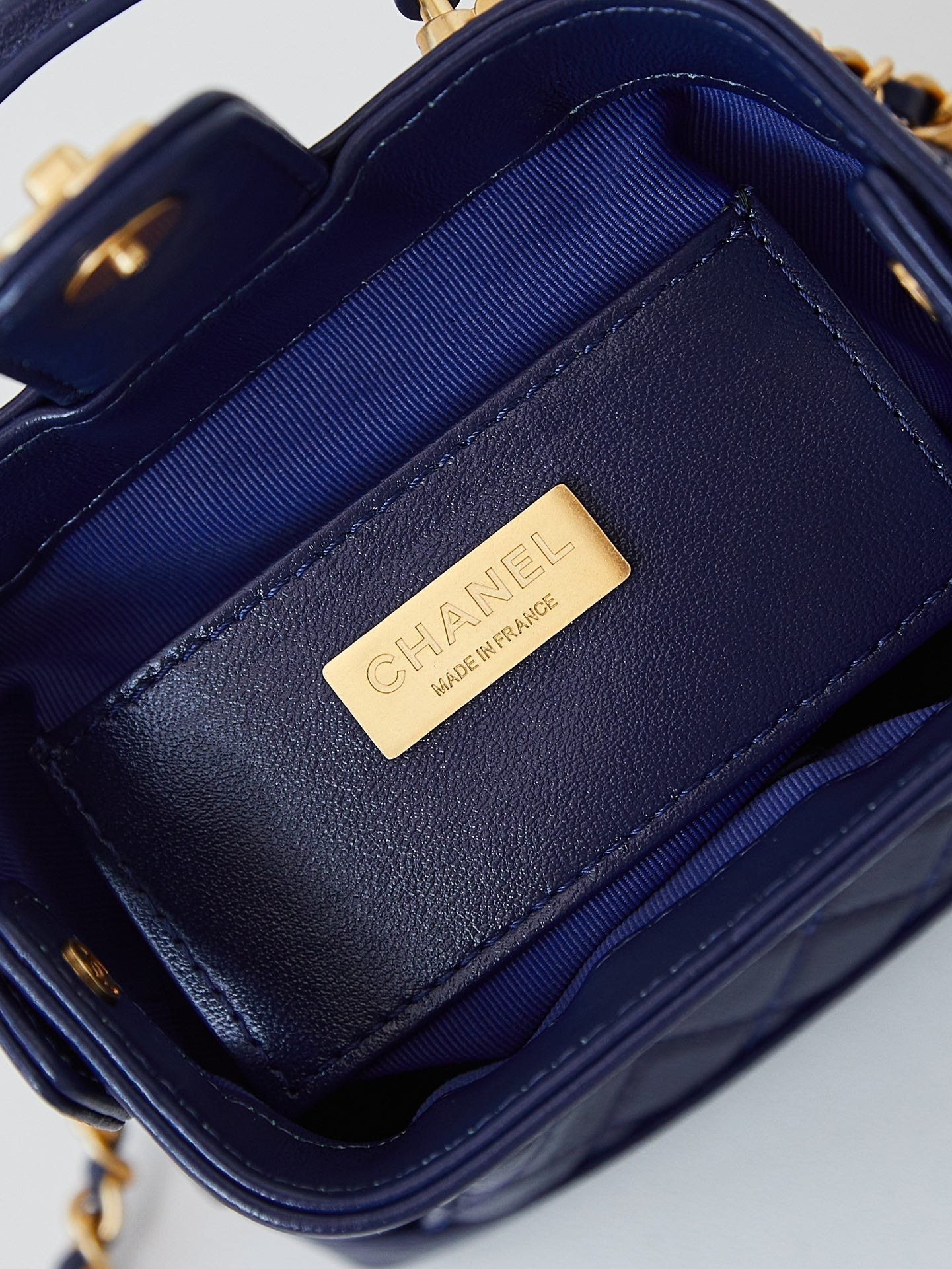 CC 24A MINI TOP HANDLE 13CM NIGHT BLUE WAX LEATHER GOLD HARDWARE 238459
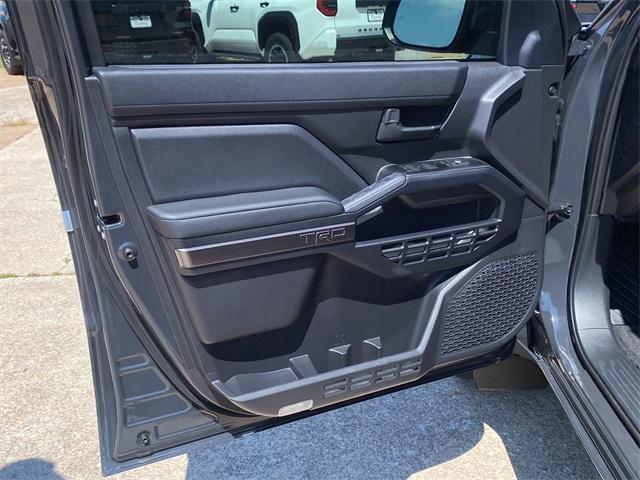 2025 Toyota 4Runner TRD Sport photo 11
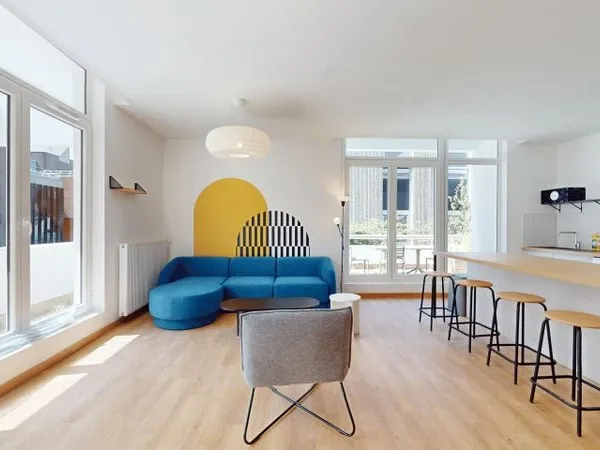 Coliving à Cergy : Appartement de 2120m2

◆ WHAT NEEDS TO BE DONE ◆
Apart from the images, every line above needs to be printed again exactly.

◆ RESULT ◆
 CC 24A MINI TOP HANDLE 13CM NIGHT BLUE WAX LEATHER GOLD HARDWARE 238459
 2025 Toyota 4Runner TRD Sport photo 11
 Coliving à Cergy : Appartement de 2120m2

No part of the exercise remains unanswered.